More details are expected from oil giant Shell this week on its job-cut plans, though it is still unclear what the impact will be on the 2,000-plus people working from Aberdeen.
It was reported yesterday that the British-Dutch company would reveal on Thursday that up to 25% of senior management – 500-600 people globally – will lose their posts in the coming weeks.
New chief executive Peter Voser is said to have already eliminated about a quarter of 80 of the top-level management positions immediately below Shell’s executive committee. The next round of departures, anticipated to be outlined as part of its second-quarter results on Thursday, will involve the layer of managerial positions below this.
One newspaper claimed that the largest number of these redundancies were expected to be in The Hague, where 2,000 people work at Shell’s global headquarters. Further cuts at lower levels are anticipated in the months ahead.
Analysts expect that about 10,000 of Shell’s worldwide workforce of 102,000 are likely to go under the major restructuring.
Shell has 8,500 employees in the UK. A spokeswoman for the company said yesterday it had no comment to make on its job-cut plans.
One Aberdeen employee said: “Everyone knows that jobs are likely to go here, but I have heard nothing from the company on this. We will just have to wait and see what Thursday brings.”
At the end of May, the Press and Journal reported that Scottish employees of Shell may have to wait months before finding out if their jobs are at risk.
A spokeswoman said at the time that staff would know by the end of the year what the impact on them would be.
The company said in May that its core exploration and production business would be divided into two units: one covering the Americas and the other the rest of the world. The former would be called upstream Americas and the latter upstream international.
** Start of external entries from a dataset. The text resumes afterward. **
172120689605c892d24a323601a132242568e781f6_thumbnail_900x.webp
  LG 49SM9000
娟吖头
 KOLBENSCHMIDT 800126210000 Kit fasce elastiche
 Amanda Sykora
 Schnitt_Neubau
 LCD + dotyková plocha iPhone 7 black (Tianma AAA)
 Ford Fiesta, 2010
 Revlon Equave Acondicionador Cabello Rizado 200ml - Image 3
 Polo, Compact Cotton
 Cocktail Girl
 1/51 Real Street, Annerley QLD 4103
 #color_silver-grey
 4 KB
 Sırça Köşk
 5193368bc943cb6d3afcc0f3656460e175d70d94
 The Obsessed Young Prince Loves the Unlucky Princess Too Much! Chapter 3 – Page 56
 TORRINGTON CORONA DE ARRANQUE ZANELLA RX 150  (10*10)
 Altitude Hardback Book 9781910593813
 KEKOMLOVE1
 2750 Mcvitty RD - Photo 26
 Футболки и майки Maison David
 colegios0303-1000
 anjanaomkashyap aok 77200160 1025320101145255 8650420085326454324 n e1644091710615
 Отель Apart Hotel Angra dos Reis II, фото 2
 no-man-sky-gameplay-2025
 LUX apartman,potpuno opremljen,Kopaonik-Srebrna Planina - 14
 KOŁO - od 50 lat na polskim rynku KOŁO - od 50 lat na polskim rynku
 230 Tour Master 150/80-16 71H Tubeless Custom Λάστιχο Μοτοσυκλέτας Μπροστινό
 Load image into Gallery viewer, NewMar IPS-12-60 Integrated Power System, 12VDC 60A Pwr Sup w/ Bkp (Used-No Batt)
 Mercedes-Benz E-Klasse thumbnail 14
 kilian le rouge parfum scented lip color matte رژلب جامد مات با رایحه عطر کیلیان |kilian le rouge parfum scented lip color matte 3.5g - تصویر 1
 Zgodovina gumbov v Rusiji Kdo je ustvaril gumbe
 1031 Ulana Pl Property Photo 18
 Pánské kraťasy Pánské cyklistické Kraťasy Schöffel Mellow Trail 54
The new divisions would also take responsibility for liquefied natural gas and power operations in their spheres.
Gas and power was previously a separate unit under the US head of Shell’s gas and power business, Linda Cook, an unsuccessful candidate for the oil giant’s chief executive post, who quit.
Malcolm Brinded, a former managing director of Shell Expro in Aberdeen and who also lost out on the top job, is now executive director of upstream international.
Robin West, the chairman and founder of Washington-based industry consultancy PFC Energy, was quoted yesterday as saying that Mr Voser was confronting deep-seated cultural issues in the company that no executive had dared to address in the 102 years since it was formed by merger. Mr West said: “It has become very clear very quickly that he is going to run Shell; Shell isn’t going to run him, and that’s a very profound change. Decisions will be made more quickly and there will be a higher level of accountability.
“He is going to continue to cut costs dramatically. Some parts of Shell seem to have operated more for the benefit of the people in the organisation rather than for the shareholders. He is going to cut down a lot of that.”